[Your instructions] Without the pictures, reproduce the records that follow exactly.

+++ Supplied entries +++

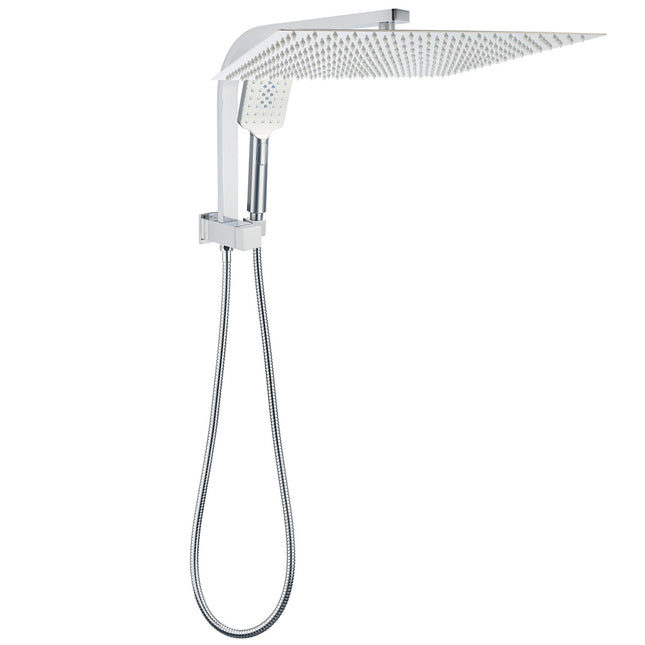 WELS Square Twin Shower Head Chrome 16" Large 3 Mode Handheld Diverter Wall Arm Set.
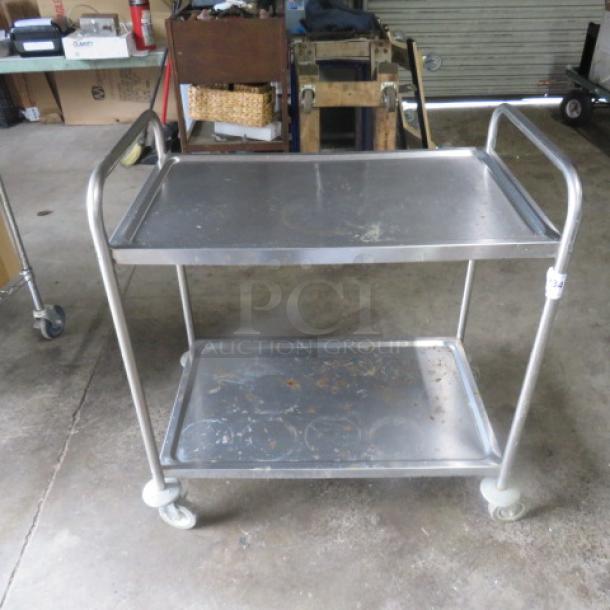 One Stainless Steel 2 Shelf Cart On Casters. 34X1X36 - Image 1 of 1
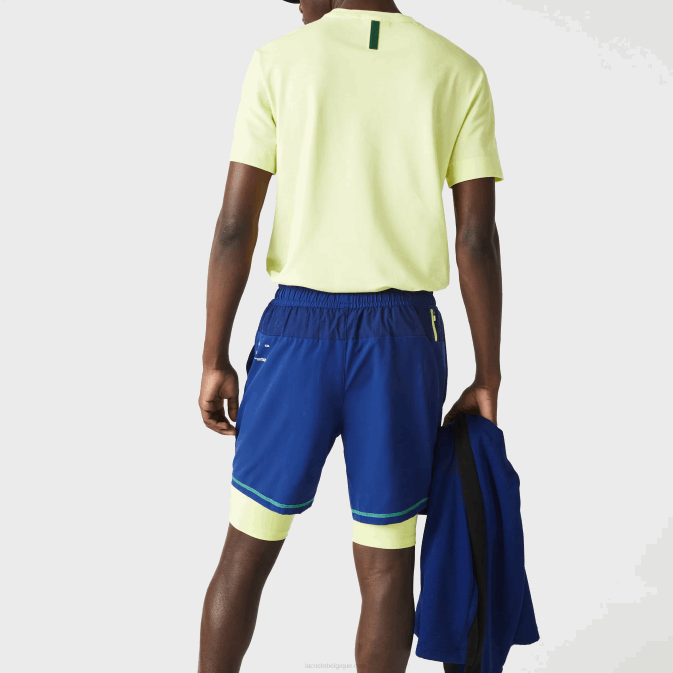 bleu jaune flashy blanc 8q6 V6HV1544 Hommes Lacoste short de sport à superpositions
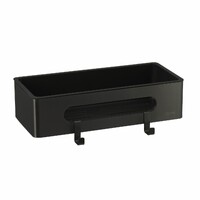 9772044 Полка для душа прямая Lemark SHELF LINE из нерж. стали с крючками, черный/ вставка-пластик черный LEMARK
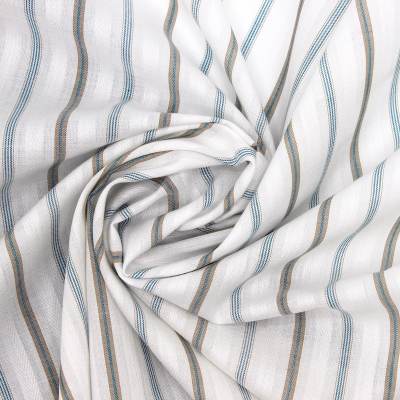 Striped jacquard cotton fabric - off-white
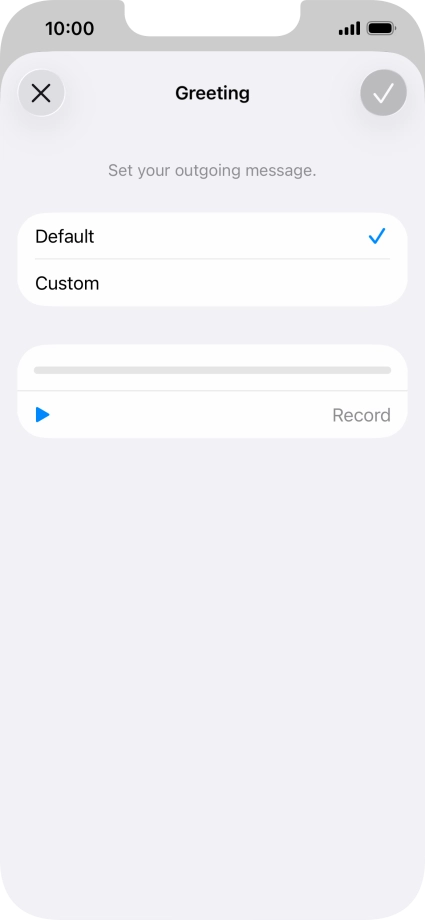 Press Default to select the default greeting. Press Default to select the default greeting.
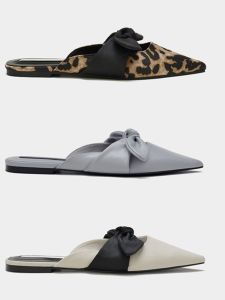 Spring 2024 Women's Flat Bottom Butterfly Knot Pointed Toe French Style Semi Slipper Leopard Print Outdoor Wear Mule Shoes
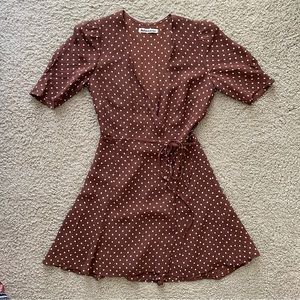 Reformation Lucky Mini Wrap Dress - Brown Polka Dot - XS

+++

[Result]
 WELS Square Twin Shower Head Chrome 16" Large 3 Mode Handheld Diverter Wall Arm Set.
 One Stainless Steel 2 Shelf Cart On Casters. 34X1X36 - Image 1 of 1
 bleu jaune flashy blanc 8q6 V6HV1544 Hommes Lacoste short de sport à superpositions
 9772044 Полка для душа прямая Lemark SHELF LINE из нерж. стали с крючками, черный/ вставка-пластик черный LEMARK
 Striped jacquard cotton fabric - off-white
 Press Default to select the default greeting. Press Default to select the default greeting.
 Spring 2024 Women's Flat Bottom Butterfly Knot Pointed Toe French Style Semi Slipper Leopard Print Outdoor Wear Mule Shoes
 Reformation Lucky Mini Wrap Dress - Brown Polka Dot - XS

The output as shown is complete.